Ia menilai bahwa meskipun penangguhan penahanan adalah hak hukum yang diatur UU, namun aparat penegak hukum harus memastikan bahwa proses hukum tetap berjalan secara adil dan memberikan efek jera, terutama ketika penghinaan tersebut bersifat terbuka dan masih beredar luas di media sosial.
“Meme penghinaan itu masih bisa ditemukan dengan mudah. Artinya, dampak negatif terhadap kewibawaan kepala negara dan institusi kepresidenan belum berakhir. Ini bukan sekadar soal individu, tapi soal menjaga marwah negara”, ujar Andri.
Sekata Institute menegaskan pentingnya konsistensi dalam penegakan hukum, terutama untuk kasus-kasus yang melibatkan penghinaan terhadap simbol negara.

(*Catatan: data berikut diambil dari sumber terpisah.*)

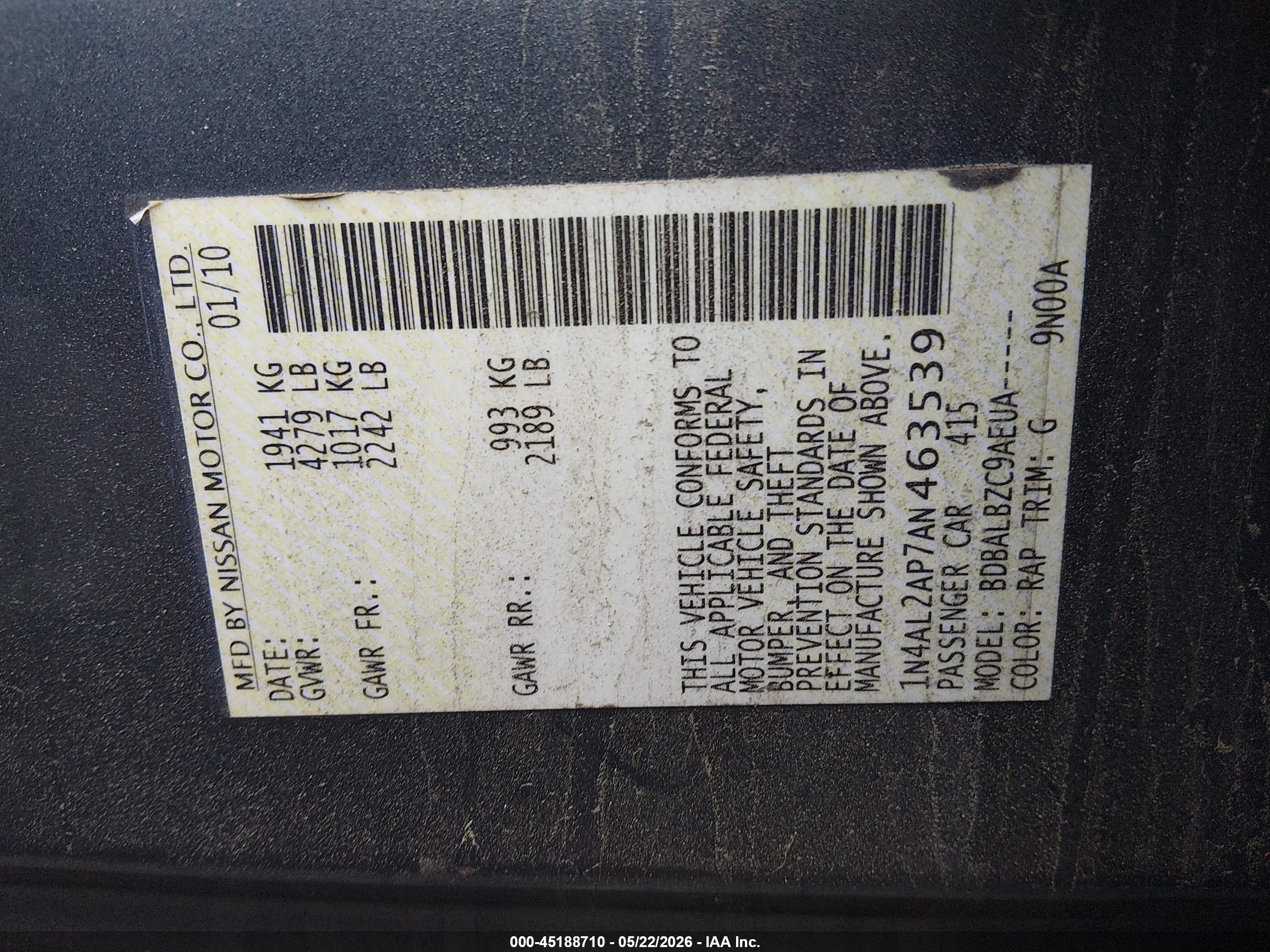 2010 Nissan Altima 2.5 S Blue vin: 1N4AL2AP7AN463539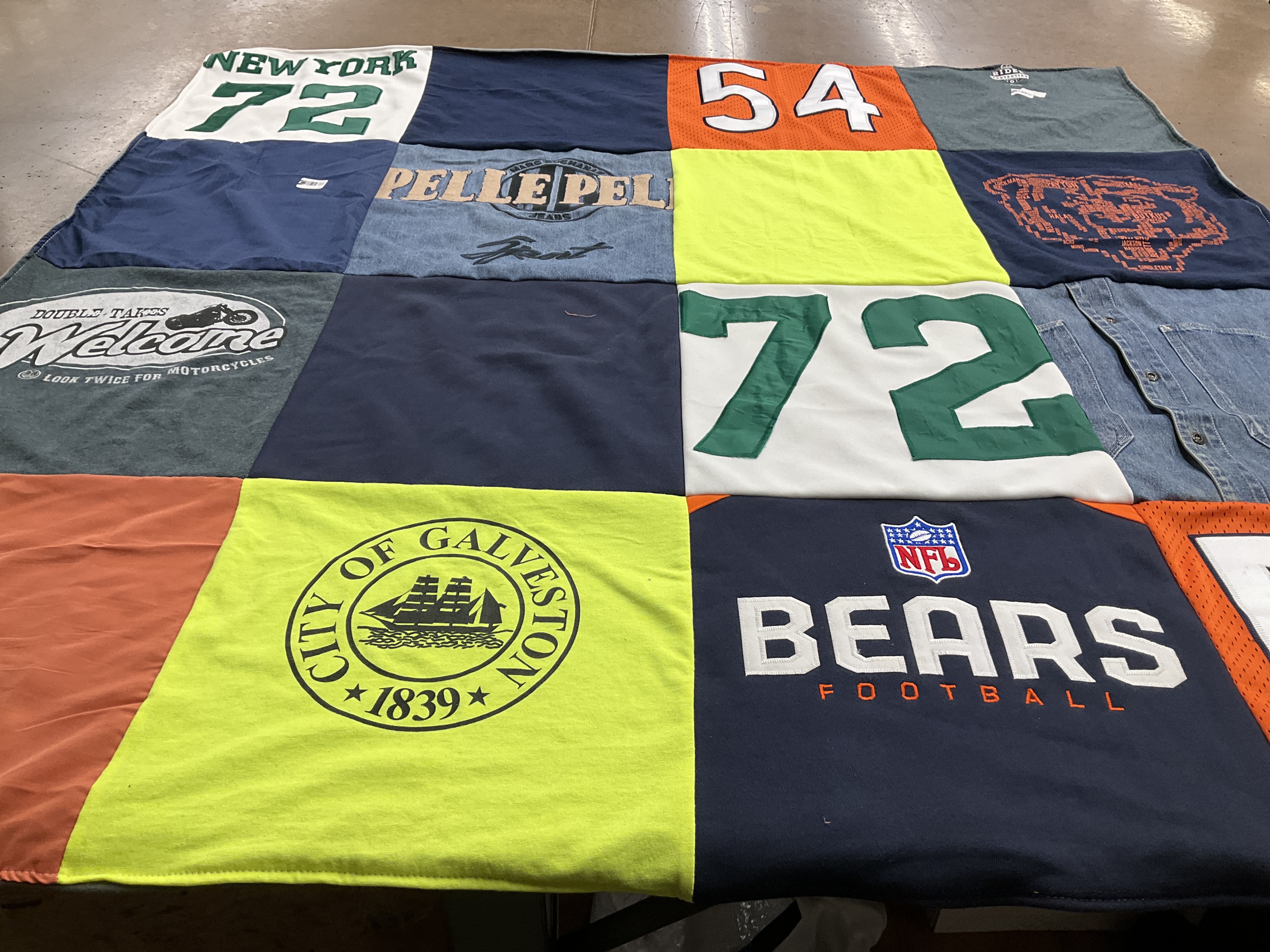 T-shirt quilt featuring chicago bears by Ashley from TX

“Bila dibiarkan longgar, dikhawatirkan akan muncul anggapan publik bahwa hukum hanya tajam ke bawah dan tumpul ke atas atau kepada kelompok tertentu”, tandasnya.
Andri pun mengajak semua pihak, khususnya kalangan muda dan akademisi, untuk menggunakan kebebasan berekspresi secara bertanggung jawab.
“Kebebasan berekspresi bukan berarti bebas menghina. Demokrasi yang sehat menuntut etika dan penghormatan terhadap lembaga negara”, pungkasnya.